Give the data again in full, exactly as written below.

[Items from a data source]
- - -

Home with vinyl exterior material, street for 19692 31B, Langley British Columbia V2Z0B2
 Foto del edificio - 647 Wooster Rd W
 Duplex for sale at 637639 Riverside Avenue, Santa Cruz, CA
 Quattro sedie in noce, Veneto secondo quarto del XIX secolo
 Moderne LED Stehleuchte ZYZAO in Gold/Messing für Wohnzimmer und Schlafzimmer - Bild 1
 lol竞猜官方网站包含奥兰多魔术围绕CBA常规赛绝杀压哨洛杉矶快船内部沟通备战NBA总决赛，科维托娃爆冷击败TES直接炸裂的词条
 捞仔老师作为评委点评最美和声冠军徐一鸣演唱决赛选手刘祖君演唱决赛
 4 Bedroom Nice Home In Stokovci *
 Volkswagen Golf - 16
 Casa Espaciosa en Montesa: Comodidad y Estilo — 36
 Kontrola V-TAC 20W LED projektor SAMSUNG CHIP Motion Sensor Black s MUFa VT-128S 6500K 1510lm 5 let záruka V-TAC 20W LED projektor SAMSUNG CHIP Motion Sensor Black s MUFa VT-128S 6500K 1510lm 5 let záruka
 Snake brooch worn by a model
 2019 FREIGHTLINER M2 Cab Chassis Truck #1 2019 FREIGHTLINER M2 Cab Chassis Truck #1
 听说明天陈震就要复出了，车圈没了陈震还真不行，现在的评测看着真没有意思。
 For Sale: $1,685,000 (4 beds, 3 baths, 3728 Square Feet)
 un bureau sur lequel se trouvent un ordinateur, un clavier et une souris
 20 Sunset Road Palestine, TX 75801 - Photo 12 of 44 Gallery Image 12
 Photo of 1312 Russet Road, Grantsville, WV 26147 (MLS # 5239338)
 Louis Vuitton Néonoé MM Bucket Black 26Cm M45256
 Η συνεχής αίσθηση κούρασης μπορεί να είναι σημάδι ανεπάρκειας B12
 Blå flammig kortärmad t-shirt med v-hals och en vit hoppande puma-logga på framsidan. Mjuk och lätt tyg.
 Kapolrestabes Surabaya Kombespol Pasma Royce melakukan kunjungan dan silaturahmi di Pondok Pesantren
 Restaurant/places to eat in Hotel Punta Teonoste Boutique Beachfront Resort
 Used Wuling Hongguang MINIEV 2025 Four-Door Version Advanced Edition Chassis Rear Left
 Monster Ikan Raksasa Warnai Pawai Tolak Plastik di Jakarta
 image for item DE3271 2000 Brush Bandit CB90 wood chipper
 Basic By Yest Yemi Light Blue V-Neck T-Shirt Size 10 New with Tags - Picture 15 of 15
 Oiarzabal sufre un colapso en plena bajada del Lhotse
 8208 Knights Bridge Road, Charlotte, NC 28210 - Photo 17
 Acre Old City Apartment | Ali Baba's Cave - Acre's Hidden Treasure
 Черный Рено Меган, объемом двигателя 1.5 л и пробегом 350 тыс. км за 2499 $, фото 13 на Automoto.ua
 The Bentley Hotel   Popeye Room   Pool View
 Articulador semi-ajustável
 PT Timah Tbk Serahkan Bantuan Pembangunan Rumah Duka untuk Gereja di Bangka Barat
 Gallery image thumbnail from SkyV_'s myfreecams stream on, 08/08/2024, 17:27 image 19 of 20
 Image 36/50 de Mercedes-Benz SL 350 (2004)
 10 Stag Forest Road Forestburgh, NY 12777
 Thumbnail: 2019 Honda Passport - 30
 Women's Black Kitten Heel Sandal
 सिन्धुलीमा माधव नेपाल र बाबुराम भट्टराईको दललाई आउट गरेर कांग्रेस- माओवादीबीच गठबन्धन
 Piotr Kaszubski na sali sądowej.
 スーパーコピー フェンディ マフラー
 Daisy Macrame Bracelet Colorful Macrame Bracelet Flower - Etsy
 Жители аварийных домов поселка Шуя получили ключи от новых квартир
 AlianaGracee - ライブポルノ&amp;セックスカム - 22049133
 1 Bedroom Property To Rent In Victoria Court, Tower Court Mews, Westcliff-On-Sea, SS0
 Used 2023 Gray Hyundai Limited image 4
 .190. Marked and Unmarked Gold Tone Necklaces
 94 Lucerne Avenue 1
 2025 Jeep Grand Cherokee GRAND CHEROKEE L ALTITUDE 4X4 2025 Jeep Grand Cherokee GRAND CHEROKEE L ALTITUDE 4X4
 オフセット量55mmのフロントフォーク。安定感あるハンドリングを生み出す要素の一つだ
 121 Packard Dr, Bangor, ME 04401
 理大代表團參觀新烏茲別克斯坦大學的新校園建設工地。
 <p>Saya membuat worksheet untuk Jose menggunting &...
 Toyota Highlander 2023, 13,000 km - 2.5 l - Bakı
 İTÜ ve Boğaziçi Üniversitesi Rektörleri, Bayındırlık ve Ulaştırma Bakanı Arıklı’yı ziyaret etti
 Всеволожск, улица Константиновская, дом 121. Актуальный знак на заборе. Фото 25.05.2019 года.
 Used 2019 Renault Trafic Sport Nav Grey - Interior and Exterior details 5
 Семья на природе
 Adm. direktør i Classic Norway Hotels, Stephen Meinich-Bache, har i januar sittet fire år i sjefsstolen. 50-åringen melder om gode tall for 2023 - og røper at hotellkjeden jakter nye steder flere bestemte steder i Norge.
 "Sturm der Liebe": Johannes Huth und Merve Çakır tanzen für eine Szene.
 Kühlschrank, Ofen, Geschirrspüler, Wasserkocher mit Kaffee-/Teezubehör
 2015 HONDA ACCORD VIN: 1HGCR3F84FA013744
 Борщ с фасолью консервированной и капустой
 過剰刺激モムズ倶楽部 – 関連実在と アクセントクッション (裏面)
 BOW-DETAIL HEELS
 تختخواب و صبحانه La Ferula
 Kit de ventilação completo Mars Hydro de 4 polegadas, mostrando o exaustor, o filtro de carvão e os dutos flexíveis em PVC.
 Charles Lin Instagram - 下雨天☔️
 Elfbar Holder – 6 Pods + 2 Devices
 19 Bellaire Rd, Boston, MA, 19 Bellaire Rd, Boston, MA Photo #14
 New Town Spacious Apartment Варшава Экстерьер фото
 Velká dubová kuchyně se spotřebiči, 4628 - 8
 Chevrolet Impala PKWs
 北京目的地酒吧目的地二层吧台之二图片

- - -

Answer →
Home with vinyl exterior material, street for 19692 31B, Langley British Columbia V2Z0B2
 Foto del edificio - 647 Wooster Rd W
 Duplex for sale at 637639 Riverside Avenue, Santa Cruz, CA
 Quattro sedie in noce, Veneto secondo quarto del XIX secolo
 Moderne LED Stehleuchte ZYZAO in Gold/Messing für Wohnzimmer und Schlafzimmer - Bild 1
 lol竞猜官方网站包含奥兰多魔术围绕CBA常规赛绝杀压哨洛杉矶快船内部沟通备战NBA总决赛，科维托娃爆冷击败TES直接炸裂的词条
 捞仔老师作为评委点评最美和声冠军徐一鸣演唱决赛选手刘祖君演唱决赛
 4 Bedroom Nice Home In Stokovci *
 Volkswagen Golf - 16
 Casa Espaciosa en Montesa: Comodidad y Estilo — 36
 Kontrola V-TAC 20W LED projektor SAMSUNG CHIP Motion Sensor Black s MUFa VT-128S 6500K 1510lm 5 let záruka V-TAC 20W LED projektor SAMSUNG CHIP Motion Sensor Black s MUFa VT-128S 6500K 1510lm 5 let záruka
 Snake brooch worn by a model
 2019 FREIGHTLINER M2 Cab Chassis Truck #1 2019 FREIGHTLINER M2 Cab Chassis Truck #1
 听说明天陈震就要复出了，车圈没了陈震还真不行，现在的评测看着真没有意思。
 For Sale: $1,685,000 (4 beds, 3 baths, 3728 Square Feet)
 un bureau sur lequel se trouvent un ordinateur, un clavier et une souris
 20 Sunset Road Palestine, TX 75801 - Photo 12 of 44 Gallery Image 12
 Photo of 1312 Russet Road, Grantsville, WV 26147 (MLS # 5239338)
 Louis Vuitton Néonoé MM Bucket Black 26Cm M45256
 Η συνεχής αίσθηση κούρασης μπορεί να είναι σημάδι ανεπάρκειας B12
 Blå flammig kortärmad t-shirt med v-hals och en vit hoppande puma-logga på framsidan. Mjuk och lätt tyg.
 Kapolrestabes Surabaya Kombespol Pasma Royce melakukan kunjungan dan silaturahmi di Pondok Pesantren
 Restaurant/places to eat in Hotel Punta Teonoste Boutique Beachfront Resort
 Used Wuling Hongguang MINIEV 2025 Four-Door Version Advanced Edition Chassis Rear Left
 Monster Ikan Raksasa Warnai Pawai Tolak Plastik di Jakarta
 image for item DE3271 2000 Brush Bandit CB90 wood chipper
 Basic By Yest Yemi Light Blue V-Neck T-Shirt Size 10 New with Tags - Picture 15 of 15
 Oiarzabal sufre un colapso en plena bajada del Lhotse
 8208 Knights Bridge Road, Charlotte, NC 28210 - Photo 17
 Acre Old City Apartment | Ali Baba's Cave - Acre's Hidden Treasure
 Черный Рено Меган, объемом двигателя 1.5 л и пробегом 350 тыс. км за 2499 $, фото 13 на Automoto.ua
 The Bentley Hotel   Popeye Room   Pool View
 Articulador semi-ajustável
 PT Timah Tbk Serahkan Bantuan Pembangunan Rumah Duka untuk Gereja di Bangka Barat
 Gallery image thumbnail from SkyV_'s myfreecams stream on, 08/08/2024, 17:27 image 19 of 20
 Image 36/50 de Mercedes-Benz SL 350 (2004)
 10 Stag Forest Road Forestburgh, NY 12777
 Thumbnail: 2019 Honda Passport - 30
 Women's Black Kitten Heel Sandal
 सिन्धुलीमा माधव नेपाल र बाबुराम भट्टराईको दललाई आउट गरेर कांग्रेस- माओवादीबीच गठबन्धन
 Piotr Kaszubski na sali sądowej.
 スーパーコピー フェンディ マフラー
 Daisy Macrame Bracelet Colorful Macrame Bracelet Flower - Etsy
 Жители аварийных домов поселка Шуя получили ключи от новых квартир
 AlianaGracee - ライブポルノ&amp;セックスカム - 22049133
 1 Bedroom Property To Rent In Victoria Court, Tower Court Mews, Westcliff-On-Sea, SS0
 Used 2023 Gray Hyundai Limited image 4
 .190. Marked and Unmarked Gold Tone Necklaces
 94 Lucerne Avenue 1
 2025 Jeep Grand Cherokee GRAND CHEROKEE L ALTITUDE 4X4 2025 Jeep Grand Cherokee GRAND CHEROKEE L ALTITUDE 4X4
 オフセット量55mmのフロントフォーク。安定感あるハンドリングを生み出す要素の一つだ
 121 Packard Dr, Bangor, ME 04401
 理大代表團參觀新烏茲別克斯坦大學的新校園建設工地。
 <p>Saya membuat worksheet untuk Jose menggunting &...
 Toyota Highlander 2023, 13,000 km - 2.5 l - Bakı
 İTÜ ve Boğaziçi Üniversitesi Rektörleri, Bayındırlık ve Ulaştırma Bakanı Arıklı’yı ziyaret etti
 Всеволожск, улица Константиновская, дом 121. Актуальный знак на заборе. Фото 25.05.2019 года.
 Used 2019 Renault Trafic Sport Nav Grey - Interior and Exterior details 5
 Семья на природе
 Adm. direktør i Classic Norway Hotels, Stephen Meinich-Bache, har i januar sittet fire år i sjefsstolen. 50-åringen melder om gode tall for 2023 - og røper at hotellkjeden jakter nye steder flere bestemte steder i Norge.
 "Sturm der Liebe": Johannes Huth und Merve Çakır tanzen für eine Szene.
 Kühlschrank, Ofen, Geschirrspüler, Wasserkocher mit Kaffee-/Teezubehör
 2015 HONDA ACCORD VIN: 1HGCR3F84FA013744
 Борщ с фасолью консервированной и капустой
 過剰刺激モムズ倶楽部 – 関連実在と アクセントクッション (裏面)
 BOW-DETAIL HEELS
 تختخواب و صبحانه La Ferula
 Kit de ventilação completo Mars Hydro de 4 polegadas, mostrando o exaustor, o filtro de carvão e os dutos flexíveis em PVC.
 Charles Lin Instagram - 下雨天☔️
 Elfbar Holder – 6 Pods + 2 Devices
 19 Bellaire Rd, Boston, MA, 19 Bellaire Rd, Boston, MA Photo #14
 New Town Spacious Apartment Варшава Экстерьер фото
 Velká dubová kuchyně se spotřebiči, 4628 - 8
 Chevrolet Impala PKWs
 北京目的地酒吧目的地二层吧台之二图片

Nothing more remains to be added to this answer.